The objective variable (y) represents the experimentally confirmed graphitization occurrence, that is, whether graphitization occurs (y = 1) or not (y = 0). Temperature (T/K), stress (σ/MPa), logarithmic time (log₁₀(t/h)), and chemical composition of C, Si, Mn, P, S, Ni, Cr, Mo, Cu, Al, and N (X_n, mass%), (shown in Table 1) were selected as the explanatory variables (descriptors – x). In other words, the n points of the experimental dataset $\mathit{D}={\left\{(y_i,{\mathit{x}}_i)\right\}}_{i=1}^n$, which involves graphitization occurrence (y_i = 0 or 1) and the descriptor vector x_i = (1 T σ logt X_C X_Si X_Mn X_P X_S X_Ni X_Cr X_Mo X_Cu X_Al X_N)^T, were prepared for prediction. Note that the superscript T indicates the transpose matrix. The graphitization probability at any x_i, P (y = 1 | x_i) = 1 – P (y = 0 | x_i), was assumed to be described by the linear sum of the descriptors as   

$$\begin{array}{l}\text{log}\frac{\text{P(}y=1|{\mathit{x}}_i)}{1-\text{P}(y=1|{\mathit{x}}_i)}=\text{log}\frac{\text{P(}y=1|{\mathit{x}}_i)}{\text{P}(y=0|{\mathit{x}}_i)}=c^{\text{T}}{\mathit{x}}_i\\ =C_0+C_T\cdot T+C_{\sigma }\cdot \sigma +C_t\cdot \text{log(}t\text{)}+\sum C_n\cdot X_n\\ \therefore \text{P(}y=1\text{|}{\mathit{x}}_i)=\frac{1}{1+e^{-c^{\text{T}}{\mathit{x}}_i}}\end{array}$$

where c = (C₀ C_T C_σ C_t C_C C_Si C_Mn C_P C_S C_Ni C_Cr C_Mo C_Cu C_Al C_N)^T is the partial regression coefficient vector. Here, positive c^Tx_i indicates graphitization, whereas negative c^Tx_i indicates no graphitization. Each partial regression coefficient was determined for both elongated graphite and spherical graphite to minimize the absolute value of the sum of the log-likelihood L(c) of all data points by fitting with the solver in Microsoft Excel.²³⁾ Here, L(c) is given by   

$$L(\mathit{c})={\displaystyle \sum }_{(y_i,\mathrm{\hspace{0.17em} }{\mathit{x}}_i)\mathrm{\hspace{0.17em} }\in \mathrm{\hspace{0.17em} }\mathit{D}}\left\{y_{i}log\frac{1}{1+e^{-c^{\text{T}}{x}_i}}+(1-y_i)log\frac{e^{-c^{\text{T}}{x}_i}}{1+e^{-c^{\text{T}}{x}_i}}\right\}$$

Note that L(c) is a negative value. In some studies, the contribution of stress was incorporated into the function, as a logarithmic shape, to describe creep behavior.¹⁵⁾ However, linear stress was selected in this study to represent graphitization behavior in the grip portion where σ = 0. The composition that was not provided in the creep data sheets (Ni content in 0.2C steel²⁰⁾) was treated as X_n = 0.
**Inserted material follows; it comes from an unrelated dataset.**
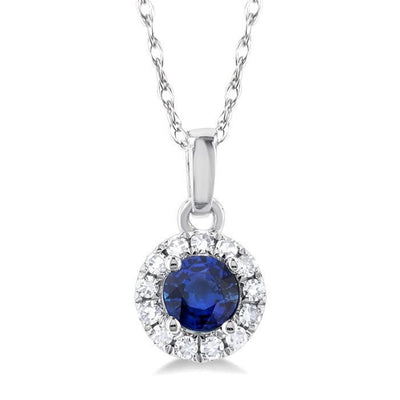 Sapphire & Diamond Halo Pendant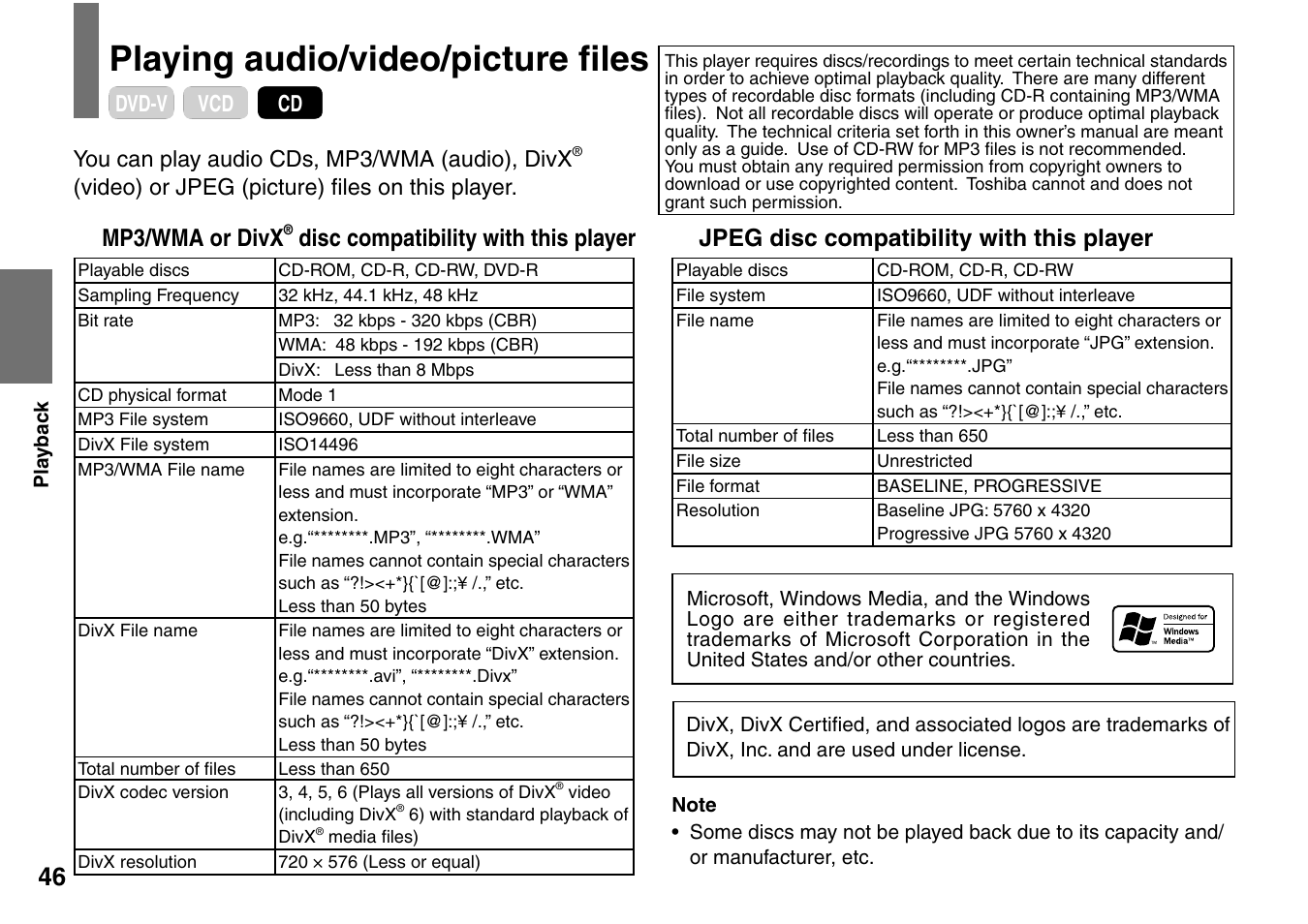 Playing audio/video/picture ﬁ les, Mp3/wma or divx, Disc compatibility with this player | Jpeg disc compatibility with this player | Toshiba SD-P1707SR User Manual | Page 46 / 76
2.3. Creep Tests and Microstructure Observation for Validation

A different heat of 0.3C silicon-killed steel plate (CaC)¹⁹⁾ and 0.2C silicon-killed steel tube (CAG)²⁰⁾ were selected for the validation of the prediction formula for the graphitization condition. The chemical compositions are listed in Table 3. Creep tests were performed at 673, 723, and 773 K under a constant load of 69–235 MPa in air.^19,20) The longest time to rupture was 179512.2 h. The coupons cut from the gauge portion of the crept specimen were ground, polished, and finished using colloidal silica for microstructural observation by optical microscopy (OM), scanning electron microscopy (SEM), and energy dispersive X-ray spectroscopy (SEM-EDS) for graphitization behavior investigation.

Table 3. Chemical composition of carbon steels investigated for validation.^19,20)

	NRIM reference code	C	Si	Mn	P	S	Ni	Cr	Mo	Cu	Al	N
0.3C steel	CaC	0.28	0.30	0.70	0.022	0.011	0.14	0.07	0.02	0.22	0.004	0.0097
0.2C steel	CAG	0.21	0.21	0.62	0.014	0.014	–	0.046	0.019	0.05	0.008	0.003

3. Results and Discussion

3.1. Fitting Results

The coefficients determined for each explanatory variable are summarized in Table 4. A positive value is the accelerating factor, and a negative value is the decelerating factor of graphitization. To discuss the contribution of the descriptors in each steel, the effects of +50 K, +100 MPa, ×10 times, and each alloying element on c^Tx_i are summarized in Fig. 4. These values were calculated by multiplying each regression coefficient by the value of the descriptor. This indicates that an increase of 50 K has the same contribution as that of the ×10 times exposure time for elongated graphitization. Additionally, the significant contribution of applied stress to elongated graphite formation, as suggested in previous studies^13,14) was quantitatively revealed. In other words, the contribution of an increase in 100 MPa corresponds to the heating of 20.3 K for accelerating the formation of elongated graphitization, but only corresponds to 6.6 K for spherical graphitization. Furthermore, the results suggest that P, S, Ni, Cr, Cu, Al, and N content hardly affects graphitization kinetics, while C, Si, Mn, and Mo content has a marked effect.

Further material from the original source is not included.